The fliers are also distributed to drivers in the
city center warning businessmen and citizens not to cooperate
with the multinational forces.
The groups issuing the
fliers include: The Mujahedin Shura Council; Ansar Al-Sunnah
Army; Islamic
Army of Iraq; the Secret Islamic Army; Salafis Group; Ansar Al-Islam;
the Army of the Prophet's Grandsons (Jaysh Al-Ahfad Al-Rasul);
the Green Brigade of Islamic Resistance; Abu Dhar Al-Ghafari
Brigade; Al-Hajaj bin Yusif Al-Thaqafi Brigade; Salah Al-Din
Al-Ayyubi Brigades; and Jama'at Al-Tawhid wa Al-Jihad, the group
affiliated with fugitive Jordanian terrorist Abu Mus'ab al-Zarqawi.
RFI reported that many of the victims targeted by these groups
are Kurds and Christians who had no contact with multinational
forces. "Al-Zaman" reported on 2 November that
citizens from minority communities have been leaving the city
. Militant groups are using the city's mosques as their unofficial
headquarters, RFI reported. The mosques are equipped with computers
and Internet access, and stacked with weapons and related documents
issued by the groups.
Local imams are reportedly
sympathetic to the militants. Their supposed sympathy prompted
Ninawa
Governor Durayd Kashmula to call on clerics to unite against
the militants, RFI reported. "Al-Zaman"
reported on 2 November that citizens from minority communities
have been leaving the city "in droves."
Christians in the city have complained for months that they were
under threat after several attacks. A bomb
exploded outside a Mosul church on 1 August, killing one
person (see "RFE/RL Newsline," 2 August
2004). Christian parties issued a statement late last month that
said armed groups in the city were
attempting to impose Islamic traditions on their members,
including forcing women in the city to wear
veils, Al-Diyar television reported on 29 October. They
also accused militants of forcing real-estate
offices in the city not to deal with Christians. The statement
said that panic was spreading throughout the
Christian community in Mosul.
Kurdish residents have also been targeted in a number of attacks,
and militants last month threatened
Kurdish restaurant owners along the Mosul highway to close during
the Ramadan fasting, even though
travelers are exempt from fasting during Ramadan. The local head
of the Kurdistan Women's Union was
kidnapped outside her Mosul home on 1 November by armed
men in four vehicles.
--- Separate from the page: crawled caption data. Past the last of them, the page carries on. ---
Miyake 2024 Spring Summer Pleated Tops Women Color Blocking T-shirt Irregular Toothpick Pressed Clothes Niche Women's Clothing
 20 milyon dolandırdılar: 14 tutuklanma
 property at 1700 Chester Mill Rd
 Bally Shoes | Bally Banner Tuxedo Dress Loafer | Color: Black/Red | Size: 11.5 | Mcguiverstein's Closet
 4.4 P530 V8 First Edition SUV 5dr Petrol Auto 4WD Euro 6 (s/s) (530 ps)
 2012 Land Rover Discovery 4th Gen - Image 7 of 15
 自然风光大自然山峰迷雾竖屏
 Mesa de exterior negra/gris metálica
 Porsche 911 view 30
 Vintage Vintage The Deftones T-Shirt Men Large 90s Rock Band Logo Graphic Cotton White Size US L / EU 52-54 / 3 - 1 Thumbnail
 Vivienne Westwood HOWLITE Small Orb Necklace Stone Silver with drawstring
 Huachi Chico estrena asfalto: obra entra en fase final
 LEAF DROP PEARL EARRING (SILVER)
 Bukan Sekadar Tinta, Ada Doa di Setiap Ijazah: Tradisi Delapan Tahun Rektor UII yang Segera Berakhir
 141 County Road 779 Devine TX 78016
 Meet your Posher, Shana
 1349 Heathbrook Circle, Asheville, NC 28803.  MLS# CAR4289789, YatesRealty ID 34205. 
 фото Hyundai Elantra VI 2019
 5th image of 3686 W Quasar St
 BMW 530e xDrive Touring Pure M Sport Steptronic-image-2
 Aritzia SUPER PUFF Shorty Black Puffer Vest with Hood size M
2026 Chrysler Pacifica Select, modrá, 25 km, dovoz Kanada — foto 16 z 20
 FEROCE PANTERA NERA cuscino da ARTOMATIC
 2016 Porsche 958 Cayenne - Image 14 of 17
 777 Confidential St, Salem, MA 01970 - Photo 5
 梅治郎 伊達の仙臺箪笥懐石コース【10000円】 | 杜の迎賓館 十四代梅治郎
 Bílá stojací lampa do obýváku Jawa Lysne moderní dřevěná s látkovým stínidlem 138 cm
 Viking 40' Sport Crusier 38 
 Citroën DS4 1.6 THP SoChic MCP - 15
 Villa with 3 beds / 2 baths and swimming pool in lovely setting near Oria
Two tribal leaders,
one of them Kurdish, were assassinated in the city last
month (see "RFE/RL Iraq Report," 29 and 8
October). Usama Yusif Kashmula, the previous governor of the
province that encompasses Mosul, was
assassinated on 14 July.Numerous attacks have also been
launched against Iraqi security forces in the
city in recent months. Militants detonated five car bombs and
launched Katyusha rockets at the city's
police academy on 24 June in one of the deadliest attacks
on the city that killed dozens of policemen
and civilians and injured scores.
Municipalities and Public
Works Minister Nasreen Barwari escaped an assassination attempt
in the city
on 28 March. Two contract workers, a Canadian and an American,
were killed there on 29 March. The
2 November "Al-Zaman" report also said that a new "secret
police" service has been established in the city
to hunt down the militants.
Lieutenant General Rashid
Qaid, who heads the force, said the service intends to track
down the militants
terrorizing the city's 1.8 million inhabitants. "We are
disappointed to see the security situation deteriorating so rapidly
in a city like Mosul," he said. Qaid and his forces have
been in the city for one week and have already arrested
a number of militants. "I can assure you that those arrested
so far are not part of Mosul's mainstream. They do not belong
to the city's major tribes.
They are merely lowly elements
recruited by forces whose main target is to destabilize the country,"
he
said. Governor Kashmula announced on 3 November -- in a
move reminiscent of Al-Fallujah -- that a
division of soldiers comprised of former Iraqi Army troops will
soon be on duty in Al-Kasak, outside
Mosul. Kashmula said that the unit will be operational by 14
December and will work to restore security to
the governorate. The Al-Fallujah Brigades was established and
led by former Iraqi Army officers to help quell the violence
in that city in April. It was dismantled in September after it
was suspected of aiding insurgents in that volatile city (see
"RFE/RL Iraq Report," 16 September 2004). U.S.-backed
Iraqi forces
have launched a number of operations targeting militants holed
up in mosques in recent days. one such
operation was carried out on 22 October at the Dhu Al-Nurayn
Mosque during Friday prayers.
Al-Arabiyah television
reported that day that the operation targeted armed militants,
while Al-Jazeera
interviewed local leader Sheikh Rayyan Tawfiq, who claimed that
the operation aimed to locate would-be
suicide bombers. Tawfiq contended that the true targets of the
operation were the mosque, Ramadan, and
Friday prayers, adding, "The aim is to cause humiliation."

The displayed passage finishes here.